Solar power and the year that was

Last year many Australians felt the shock of electricity prices and moved to support renewables such as solar power and wind energy - technologies that have the potential to take the pressure off household utility bills.

This trend was felt worldwide, with a Worldwatch Institute study reporting that solar and wind energy use grew throughout 2012.

According to Worldwatch Institute - a research and outreach organisation for sustainable living - solar power consumption increased by 58 per cent worldwide to 93 terawatt-hours (TWh), and the use of wind power increased by 18 per cent to 521 TWh.

Australia has missed out on one of the top spots for the nations with the highest solar photovoltaic (PV) capacity, with Germany, Italy, the US and China taking the lead. This is despite the fact that Australia has over one million solar rooftop systems installed, as well as the world's highest solar radiation per square metre of any continent on the globe. 

Hydropower maintained its spot as the leader in producing renewable energy for the world, but solar and wind were the focus of new investment and capacity - regardless of the fact that while renewable energy capacity grew last year, actual new investment fell.

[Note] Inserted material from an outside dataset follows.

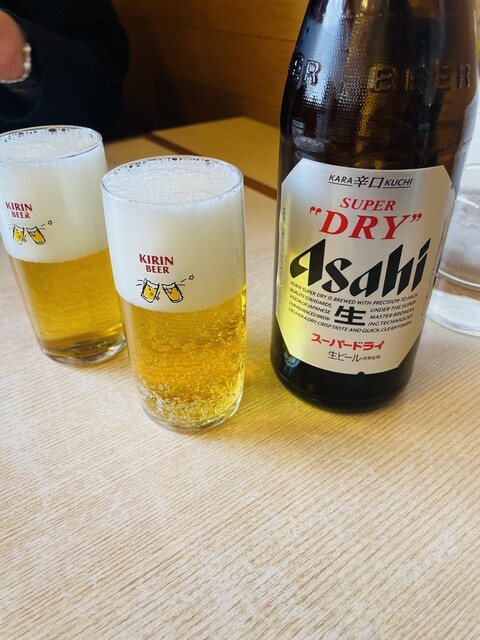 米沢ラーメン すえひろ - 亘理（ラーメン）の写真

In 2012 global investment for solar power fell by 11 per cent to $140.4 billion, however part of this is due to the fact that related technologies have come down so much in cost that it requires less spending to install them, and so overall capacity was still able to grow.

"Although policy uncertainties and changes will likely challenge the growth of solar and wind in the future, these technologies are nonetheless well poised to grow," said Matt Lucky, report co-author and Sustainable Energy lead researcher at Worldwatch.

"Declining solar technology prices, while challenging for current manufacturers, are helping solar to reach near grid-parity in many markets. With the decreasing cost of operating and maintaining wind farms, wind power is already cost competitive with conventional power energy sources in many markets."

With Australia's abundant supply of sunshine and wind, it only seems logical that as time goes on, society will look more towards renewable energy. Governments and councils are increasingly looking towards energy efficiency measures to save costs, as outlined by NSW's new Energy Efficiency Action Plan, and clean and renewable energy make up a critical part of such efforts.